Każdy, kto kiedykolwiek miał styczność z Martą Kisiel, wie, czym odznaczają się jej książki – humorem, który przedostaje się do każdego zakamarka powieści, jest widoczny w kreacji bohaterów, komiczności zdarzeń i formułach dialogów. Zgaduję, że dla wielu osób humor ten był ogromną zaletą książek autorki, jednak mnie zupełnie nie przypadł go gustu - miałam po prostu wrażenie, że to, co bawi autorkę, niekoniecznie do mnie trafia. Jednak ,,Toń" w tym temacie różni się od swoich poprzedników.

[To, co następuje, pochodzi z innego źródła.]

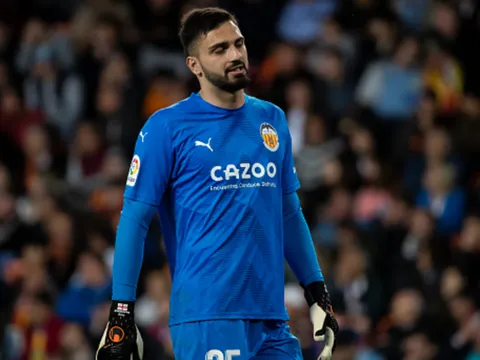 Chelsea dẫn đầu cuộc đua chiêu mộ 'gã hộ pháp' 1m99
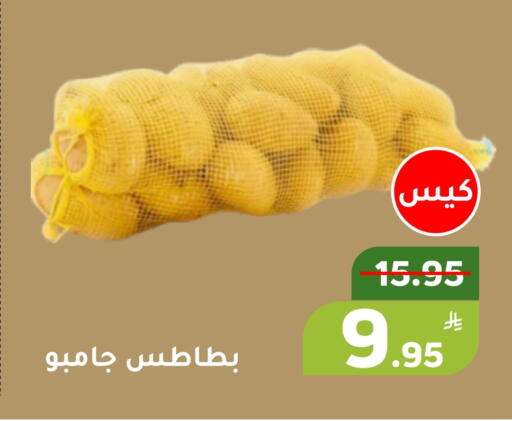 Apple available at Green Apple Market in KSA, Saudi Arabia, Saudi - Al Hasa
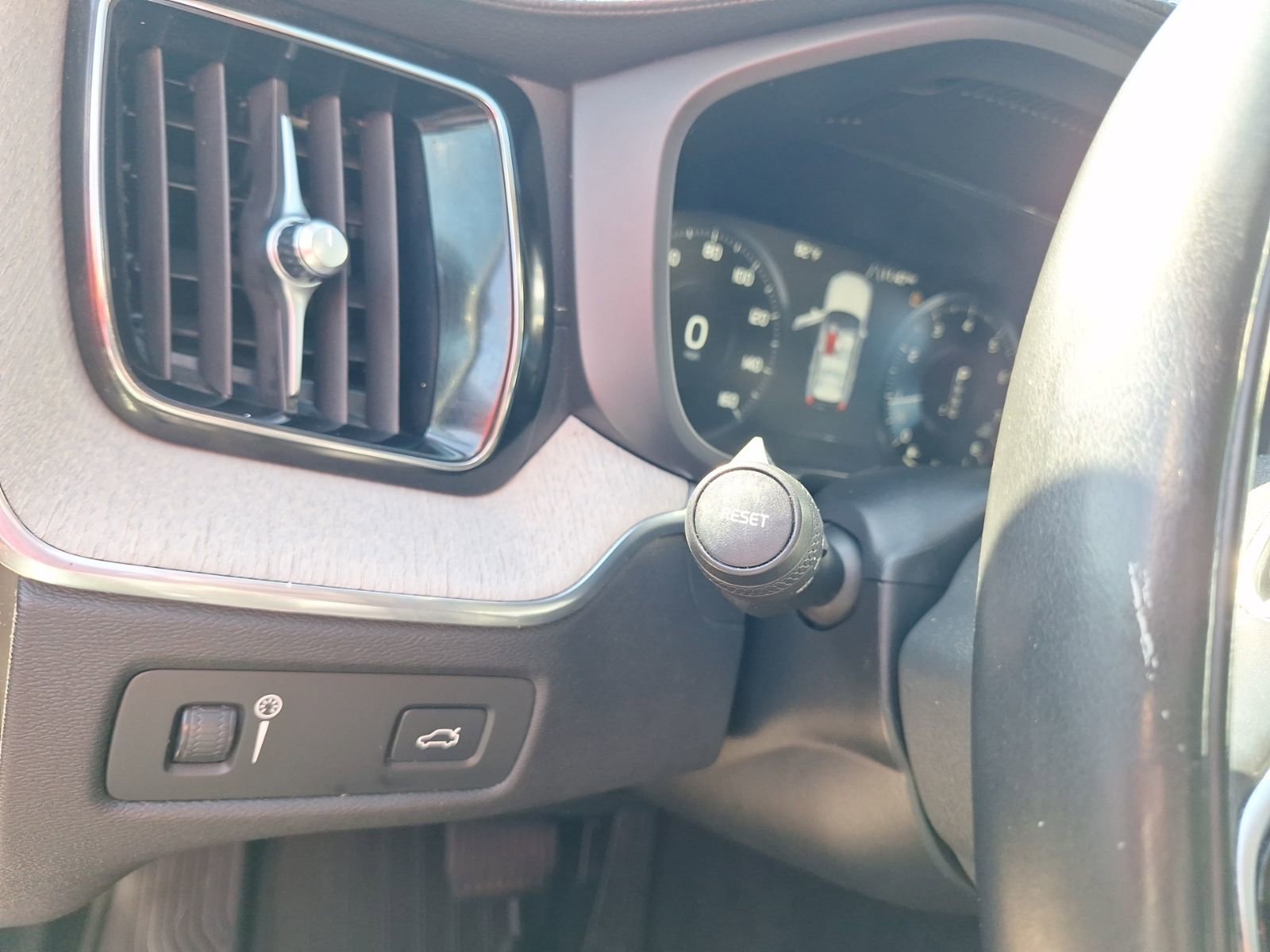 Used 2020 Volvo XC60 T6 Inscription w/ Protection Package Premier image 18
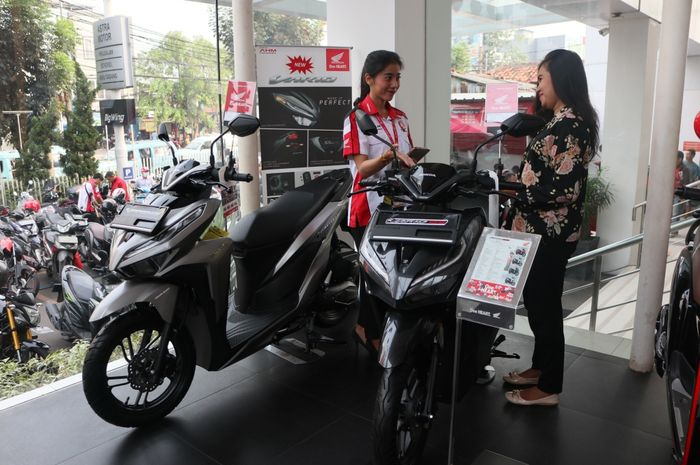 Ilustrasi pembelian motor baru di dealer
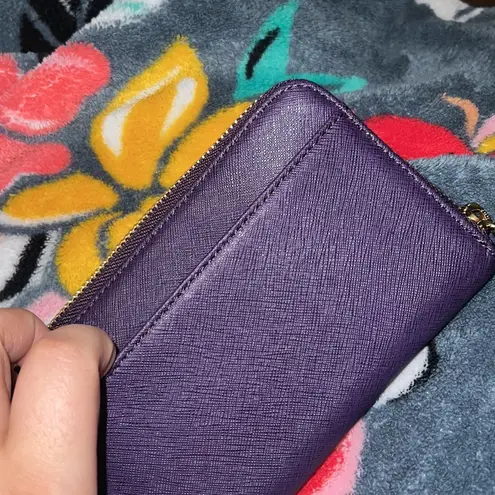 Calvin Klein NWOT  Zip Around Wallet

Nie można powiedzieć, że elementy humorystyczne zupełnie tutaj nie istnieją, jednak jest ich zdecydowanie mniej – w rozsądnych ilościach, akurat tyle, ile jestem w stanie znieść. Książkę czytało mi się więc o niebo lepiej, tym bardziej, że sama treść różni się od tego, do czego przyzwyczaiła nas Marta Kisiel.

Fabuła ,,Toni" opiera się na niespotykanych zdarzeniach mających miejsce w rodzinie Sternów, a właściwie Sternówien, ponieważ jej członkiniami są trzy kobiety – siostry Justyna (zwana Dżusi) i Eleonora oraz ich ciotka Klara. Powiedzieć, że w ich relacjach nie układa się najlepiej, to jak nie powiedzieć nic. Dżusi od kilku lat mieszka w Opolu, dokąd uciekła zaraz po zakończeniu szkoły, kiedy tylko nadarzyła się okazja, aby wyrwać się z domu. Eleonora poświęca się pracy w bibliotece i trzymaniu się skrupulatnie ułożonego harmonogramu na każdy dzień. Klara natomiast… jest osobą bardzo specyficzną, nadającą niekoniecznie na tych samych falach, co siostry. Zresztą przeszłość dziewczyn owiana jest tajemnicą, a lista tematów, których z zasady w domu Sternówien się nie porusza, ciągnie się jak stąd do Ameryki. Odkrywanie zagmatwanych sekretów związanych z rodziną Dżusi i Eleonory stanowi jeden z głównych tematów książki. Okazuje się bowiem, że przez wiele lat nagromadziło się mnóstwo spraw, o których Klara nie raczyła swoim bratanicom wspomnieć.

Mój nieustanny problem z twórczością Marty Kisiel miał swoją kontynuację w ,,Toni". Zarówno w ,,Dożywociu", jak i w ,,Szaławile", które czytałam, fragmenty szalenie ciekawe przeplatają się z tymi, w których bezmyślnie podążam wzrokiem za tekstem, nie przykładając do niego większej uwagi. Również tutaj chwilami nudziłam się jak mops, modląc się, aby w końcu nastąpił jakiś zwrot akcji, który sprawiłby, że obudziłabym się z sennego letargu, aby z ekscytacją śledzić wydarzenia w książce. Inną rzeczą, która mi przeszkadzała, było to, że moment kulminacyjny powieści, który wydawał mi się najbardziej kluczową sceną, znalazł się… w jej środku. Z zaskoczeniem pojęłam fakt, że przede mną została jeszcze grubo ponad setka stron, w czasie których zdążyłam ochłonąć i uspokoić się po tym zaskakującym fragmencie.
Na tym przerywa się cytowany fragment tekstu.